Minister of Labour
- In office 13 April 2019 – 31 March 2024
- Prime Minister: Muhammad Shtayyeh
- Preceded by: Mamoun Abu Shahla

Ambassador of Palestine to Turkey
- Incumbent
- Assumed office 6 October 2025

Personal details
- Born: April 20, 1967 (age 59) Beit Dajan, Nablus Governorate, West Bank
- Education: University of Dar es Salaam, Harari, Sofia
- Profession: Dentist, politician, diplomat, lecturer

= Nasri Abu Jaish =

Palestinian dentist, diplomat and politician

Nasri Abu Jaish Abu Jaish (نصري خليل سليم أبو جيش; born 20 April 1967) is a Palestinian dentist, politician, diplomat and lecturer who holds a PhD in developmental studies and political science.
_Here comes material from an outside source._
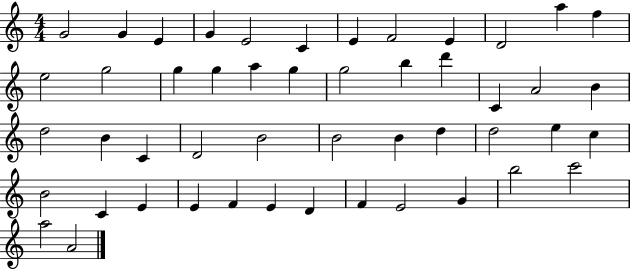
G4/h G4/q E4/q G4/q E4/h C4/q E4/q F4/h E4/q D4/h A5/q F5/q E5/h G5/h G5/q G5/q A5/q G5/q G5/h B5/q D6/q C4/q A4/h B4/q D5/h B4/q C4/q D4/h B4/h B4/h B4/q D5/q D5/h E5/q C5/q B4/h C4/q E4/q E4/q F4/q E4/q D4/q F4/q E4/h G4/q B5/h C6/h A5/h A4/h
He is the Labor Minister in the 18th Palestinian government. He is a member of the Palestinian National Council.

== Background ==
Nasri Khalil Salim was born in the village of Beit Dajan in Nablus Governorate in the West Bank on 20 April 1967, where he received his elementary and preparatory education in the village schools, and secondary in the Qadri Touqan School in Nablus. Then he began his university education in Sofia to obtain a bachelor's degree in dentistry, and later obtained a diploma in protocol from Jakarta. Nasri Abu Jaish completed his university studies at the University of Dar es Salaam in Tanzania to obtain a master's degree in international relations, as well as a doctorate in development studies and political science from the universities of Dar es Salaam and Harari.

== Positions ==
Nasri Abu Jaish held the position of ambassador to several African states, with residence in Tanzania and concurrently accredited to Seychelles, Mauritius, Ethiopia, Kenya, and Uganda. On 13 April 2019, Abu Jaish was sworn in front of Palestinian President Mahmoud Abbas as Minister of Labor in the government of Muhammad Shtayyeh.